WHAT IS NEEDED ▸
Copy the lines below exactly, starting with the first and finishing with the one holding "Seth Meyers Returns: Long Break Explained"; do not copy the pictures.
•••
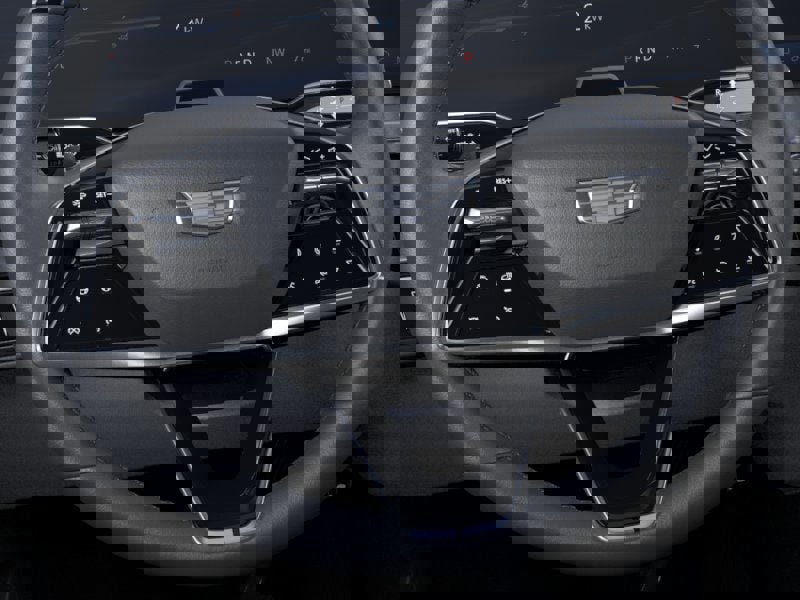 New 2025 Cadillac Lyriq Sport image 19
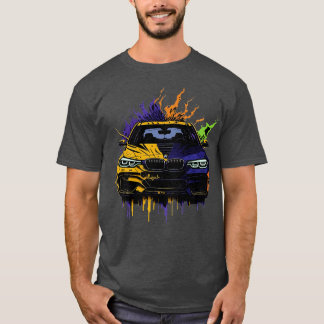 BMW 3-serien T Shirt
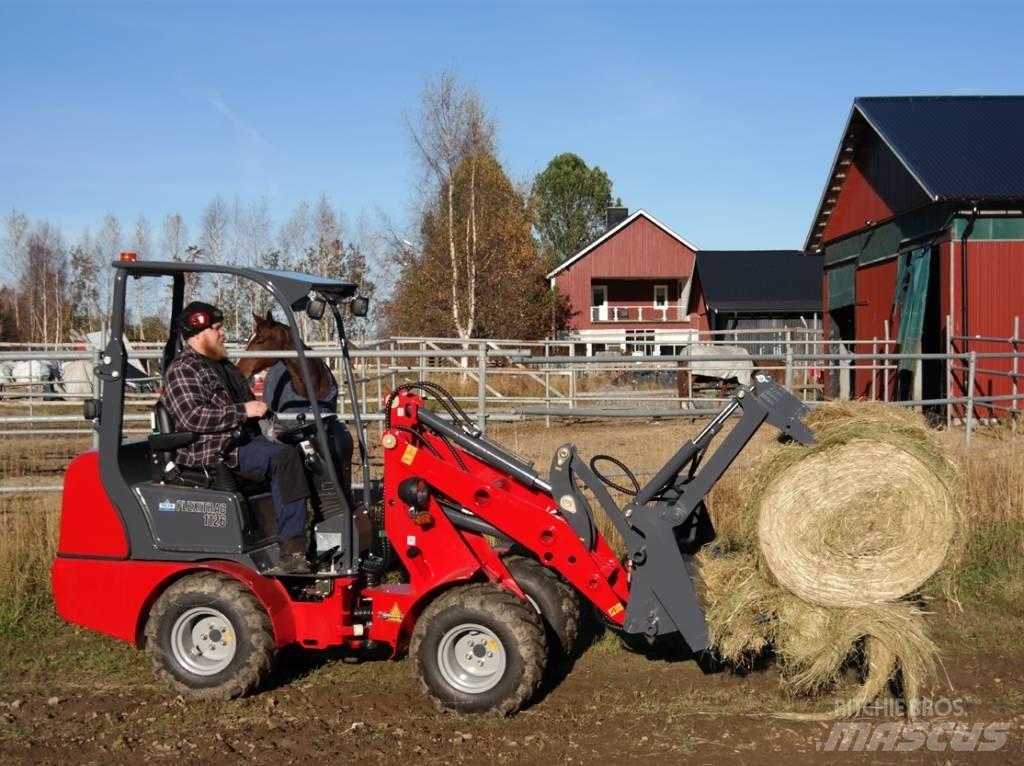 Flexitrac 1126 Cab Yleiskuormaajat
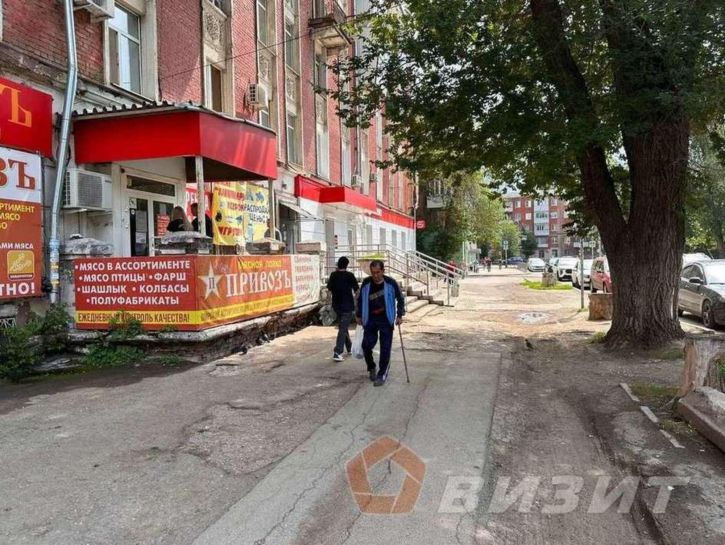 Производственное помещение Ново-Вокзальная улица, 5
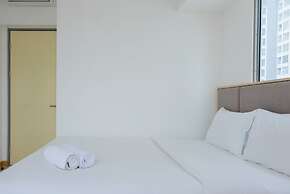 New Furnished 1BR Apartment at M-Town Residence Serpong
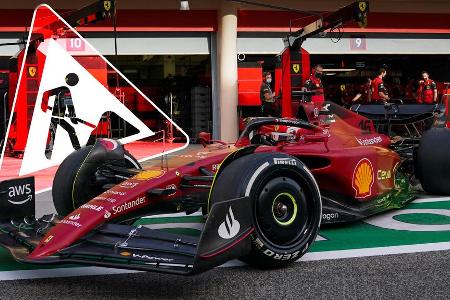 Die Formel-1-Testfahrten in Barcelona und Bahrain sind Geschichte. Am kommenden Wochenende steht der Saisonstart in der Königklasse an. Ein klarer Favorit ist derzeit noch nicht auszumachen, denn alle zehn Teams arbeiten noch an verschiedenen Baustellen. Ein Überblick:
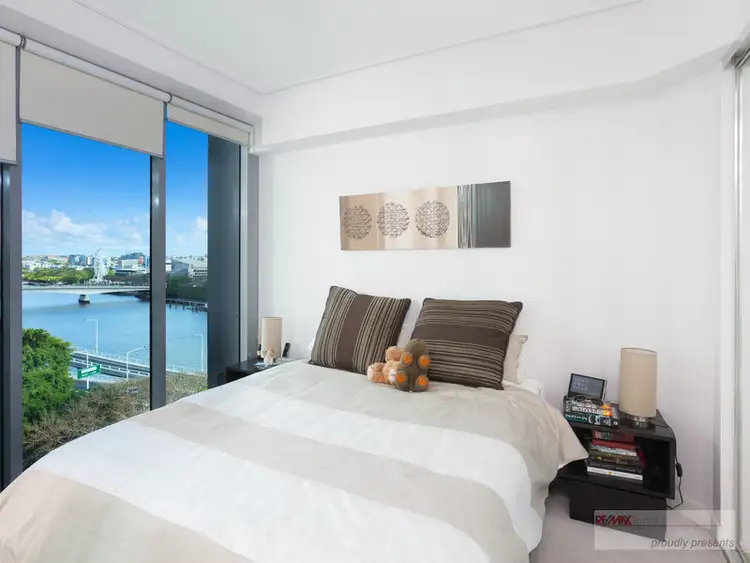 Third view of Homely unit listing, 184/18 Tank Street, Brisbane City QLD 4000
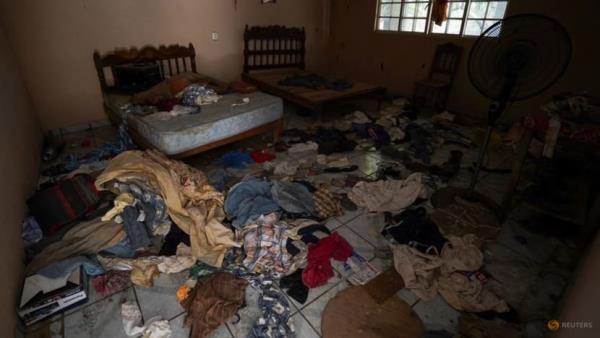 Rise in Mexican cartel violence drives record migration to the US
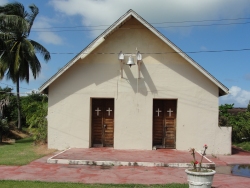 chapel renovations.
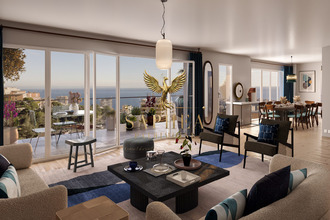 achat appartement beausoleil 06240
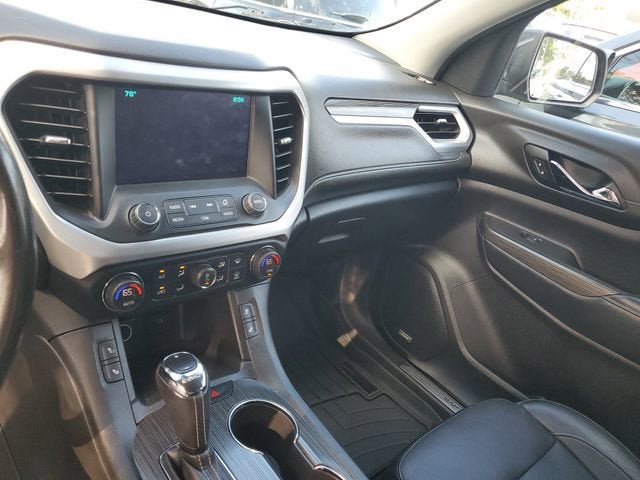 2019 GMC Acadia SLT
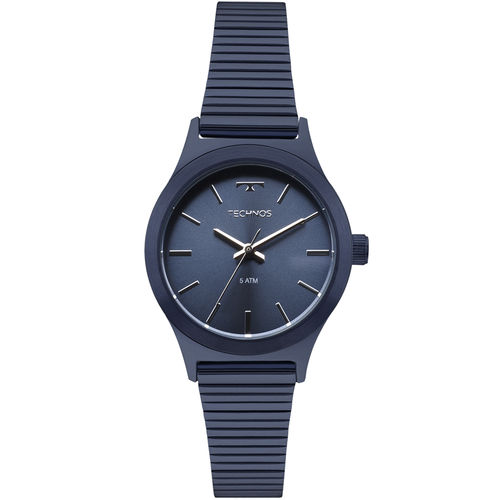 Relógio Technos Feminino Elegance Boutique Azul - 2035mmi/4a é bom? Vale a pena?
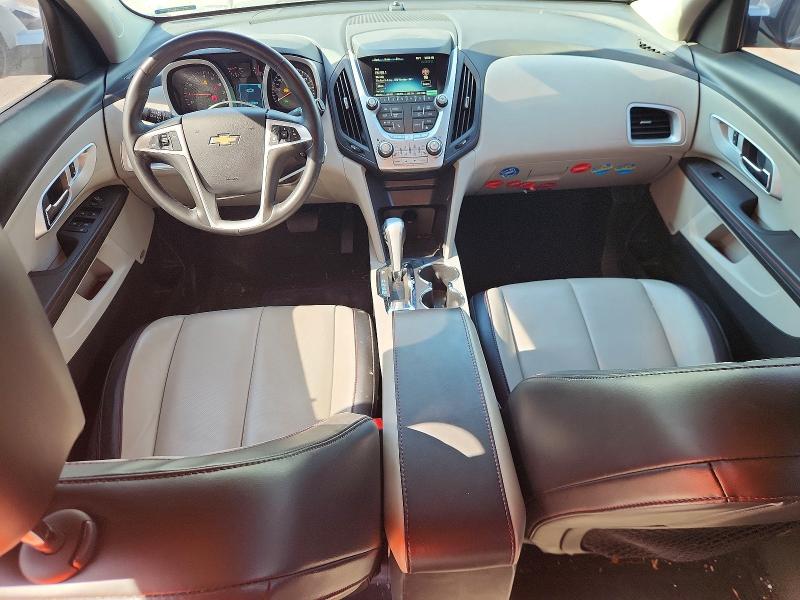 2012 Chevrolet Equinox მანქანა იყიდება აუქციონზე, vin: 2GNALPEK6C1110338, აუქციონის ნომერი: 70923736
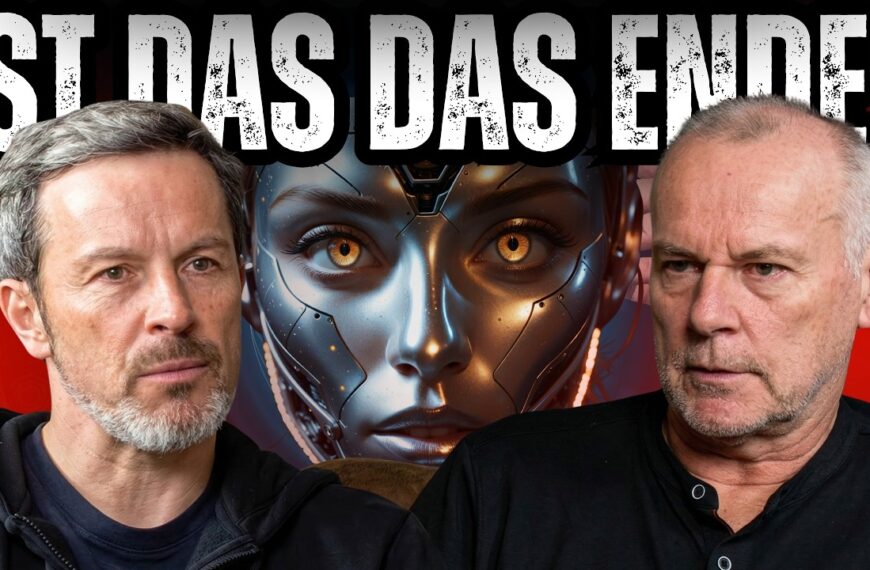 Gallische Dörfer: Die einzige Antwort auf die KI-Apokalypse? | Dr. Nehls und Marc Friedrich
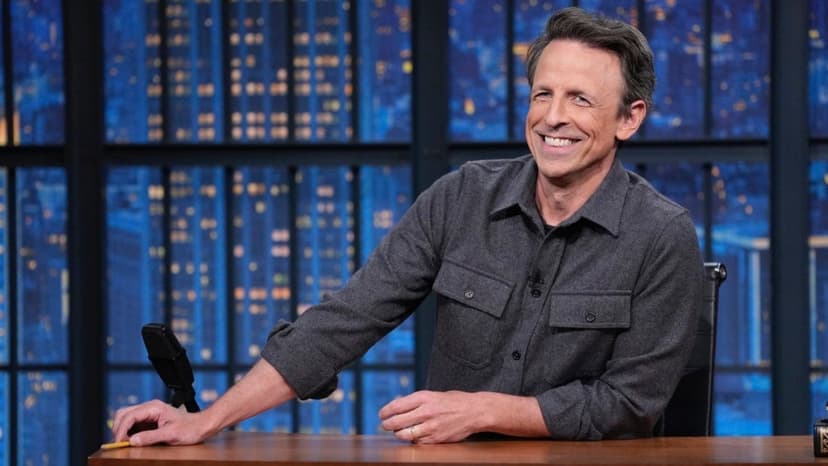 Seth Meyers Returns: Long Break Explained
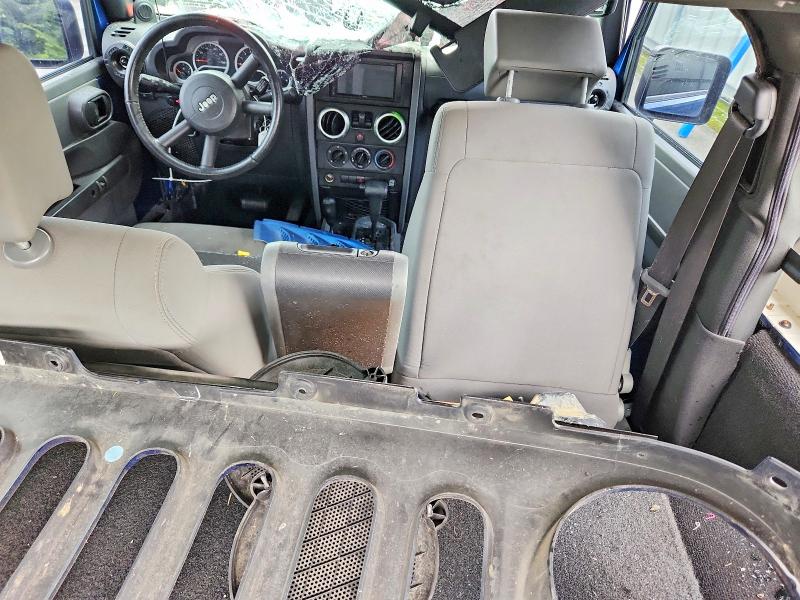 Продаж на аукціоні авто 2009 Jeep Wrangler, vin: 1J4FA24199L712969, номер лоту: 56833686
•••
ANSWER SECTION ▸
 New 2025 Cadillac Lyriq Sport image 19
 BMW 3-serien T Shirt
 Flexitrac 1126 Cab Yleiskuormaajat
 Производственное помещение Ново-Вокзальная улица, 5
 New Furnished 1BR Apartment at M-Town Residence Serpong
 Die Formel-1-Testfahrten in Barcelona und Bahrain sind Geschichte. Am kommenden Wochenende steht der Saisonstart in der Königklasse an. Ein klarer Favorit ist derzeit noch nicht auszumachen, denn alle zehn Teams arbeiten noch an verschiedenen Baustellen. Ein Überblick:
 Third view of Homely unit listing, 184/18 Tank Street, Brisbane City QLD 4000
 Rise in Mexican cartel violence drives record migration to the US
 chapel renovations.
 achat appartement beausoleil 06240
 2019 GMC Acadia SLT
 Relógio Technos Feminino Elegance Boutique Azul - 2035mmi/4a é bom? Vale a pena?
 2012 Chevrolet Equinox მანქანა იყიდება აუქციონზე, vin: 2GNALPEK6C1110338, აუქციონის ნომერი: 70923736
 Gallische Dörfer: Die einzige Antwort auf die KI-Apokalypse? | Dr. Nehls und Marc Friedrich
 Seth Meyers Returns: Long Break Explained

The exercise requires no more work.